これは自身の作戦に入れた記憶がない。ただ、見覚えのある、この巨大な腕は、
「──MAGE?」
すこしの間を置いて、どこからか声が聞こえる。
『おい!聞こえるか小娘!』
声のする方を見るとそこには小さなボールのようなものが浮いている。
『不意打ちには成功したけど多分そんなには持たないと思うよ』
「教授、ドクターも」
どうやら彼らが助けてくれたらしい。
『聞こえてるな!早くゲートを開け!さっさと逃げるぞ!』
焦っているような声、見なくても慌てているのがわかる。
教授、悪いけどもう。
──あぁまあ、でも折角だから
「ごめんね、教授、ドクター。もう手伝えないや」
ほら、とゲートを開く。手の先にできたゲートは手のひらほどの大きさしか無い。これ以上ゲートは開かなかった。いや、開けなかった。
「もうこれが限界」
少し覗けば、向こう側で2人の顔が見えた。
──折角だから、最後に顔は見ておこうかな。
「作戦は大成功だよ、一条伶のリミットを上げてやった」
「だが貴様が戻ってきてない!」
「元々戻る予定もなかったんだ、アタイ。2人だって薄々気づいてたでしょ」
「それは……!」
「まあ、そう言われるとそうだね」
「MAD様!」
「──でも、戻って来れるならその方がいいと考えていたよ」
「あはは。そう言って貰えると嬉しいよ」
その時、警告音が響いた。
『MAGEのライトアーム、レフトアーム共に圧力に異常有り』
「これは多分夢星ひかりの仕業だね。もう待ちそうにない……!」
珍しく焦りの混じった声をドクターが発した。そろそろお別れの時間だ。後は──。
「ねぇ教授」
「……なんだ」
「これあげる」
小さなゲートだが、コレは通せる。ぽいと投げたソレを見た教授は一瞬目を見開き、そして俯く。
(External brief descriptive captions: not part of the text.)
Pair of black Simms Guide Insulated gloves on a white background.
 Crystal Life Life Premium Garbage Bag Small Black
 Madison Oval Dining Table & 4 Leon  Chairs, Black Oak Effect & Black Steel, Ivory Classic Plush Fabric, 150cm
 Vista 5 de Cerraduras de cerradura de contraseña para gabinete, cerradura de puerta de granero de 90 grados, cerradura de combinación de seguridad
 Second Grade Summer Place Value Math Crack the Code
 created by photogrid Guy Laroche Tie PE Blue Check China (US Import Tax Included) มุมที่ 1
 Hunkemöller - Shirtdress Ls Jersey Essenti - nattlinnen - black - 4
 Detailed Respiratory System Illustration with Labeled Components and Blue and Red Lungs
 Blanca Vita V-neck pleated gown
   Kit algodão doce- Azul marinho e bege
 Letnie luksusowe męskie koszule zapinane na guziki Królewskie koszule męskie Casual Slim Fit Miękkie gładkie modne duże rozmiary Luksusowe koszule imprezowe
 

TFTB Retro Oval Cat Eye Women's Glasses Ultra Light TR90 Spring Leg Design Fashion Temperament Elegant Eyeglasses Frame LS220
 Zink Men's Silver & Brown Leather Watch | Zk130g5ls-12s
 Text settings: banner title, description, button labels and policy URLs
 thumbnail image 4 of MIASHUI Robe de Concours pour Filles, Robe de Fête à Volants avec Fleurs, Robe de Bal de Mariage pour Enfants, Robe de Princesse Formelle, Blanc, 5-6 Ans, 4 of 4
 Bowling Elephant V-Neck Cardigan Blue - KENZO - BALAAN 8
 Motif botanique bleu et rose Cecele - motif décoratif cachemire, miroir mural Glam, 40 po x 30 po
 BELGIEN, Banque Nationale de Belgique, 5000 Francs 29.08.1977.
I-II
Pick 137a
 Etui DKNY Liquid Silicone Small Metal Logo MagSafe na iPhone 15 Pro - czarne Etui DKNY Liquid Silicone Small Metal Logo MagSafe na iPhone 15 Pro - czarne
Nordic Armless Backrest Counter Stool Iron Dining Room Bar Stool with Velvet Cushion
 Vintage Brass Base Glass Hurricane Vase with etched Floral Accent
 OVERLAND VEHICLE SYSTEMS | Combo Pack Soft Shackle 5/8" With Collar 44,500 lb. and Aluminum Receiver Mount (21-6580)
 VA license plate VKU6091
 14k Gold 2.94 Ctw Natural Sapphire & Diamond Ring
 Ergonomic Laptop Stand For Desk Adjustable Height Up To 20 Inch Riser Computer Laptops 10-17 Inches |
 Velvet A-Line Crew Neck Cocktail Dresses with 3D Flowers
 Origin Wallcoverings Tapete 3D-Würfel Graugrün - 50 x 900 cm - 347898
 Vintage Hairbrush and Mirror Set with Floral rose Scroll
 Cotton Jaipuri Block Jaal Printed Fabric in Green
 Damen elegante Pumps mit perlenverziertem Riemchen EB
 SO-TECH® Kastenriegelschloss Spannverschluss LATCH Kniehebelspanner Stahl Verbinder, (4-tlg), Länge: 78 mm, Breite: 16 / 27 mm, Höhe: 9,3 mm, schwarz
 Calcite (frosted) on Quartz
「多分だけど今回のでドクターの研究は大体完了でしょ?だったら教授も終わらせないと。それ、使っていいからね」
「──貴様」
「そんじゃあね!バイバイ!」
MAGEの腕が崩れる音がした。ソレに合わせてゲートを閉じる。
そういえば、お礼は言ってなかったな。そんな事が頭に浮かび、消えた。
ゲートが閉じて暫くした後。Dr.MADは一言つぶやく。
「……マリスの反応が消えたよ。残念だけど」
気を落としたような声、反応が消えた画面を見て残念そうに告げる。
「……そうですか。それでは、私は自分の研究を終わらせてきます」
教授は一言言うと自身の研究室へ戻ろうとする。
「教授、さっきマリスも言っていたけど、僕の方の研究はほぼ終わりだ。後は細かな調整だけ。 元々この共同研究はどちらかが完成したらそこで終了、後は好きにすると言う約束だったが……」
MADは教授の肩に手を置く。
「マリス、あの子の想いを無駄にできない。君の研究が終わるまで僕も付き合おう」
「MAD様……ありがとうございます……!急ぎ作業に入らせてもらいます!」
「うんうん、僕は破損したMAGEの修理でもしておくから存分にやってきなよ」
言い終わるや否や部屋を出ていった教授の背中にヒラヒラと手を振る。
──扉が閉まり、ふと、手が止まる。張り付いたような笑みも。
「予想通りだったけど、やっぱりマリスの損失は痛いかもね」
改めて失われた信号を見て呟く。
「ああでも、素晴らしい成果だったよ。後は、教授の番だね」
そうして別のモニターに目を向ける。
「もうすぐ御披露目できるなぁ。嬉しいよ」
そこに映る魔法少女達を見ながら少し溢れそうになる本心からの笑みを抑えて彼は震えた。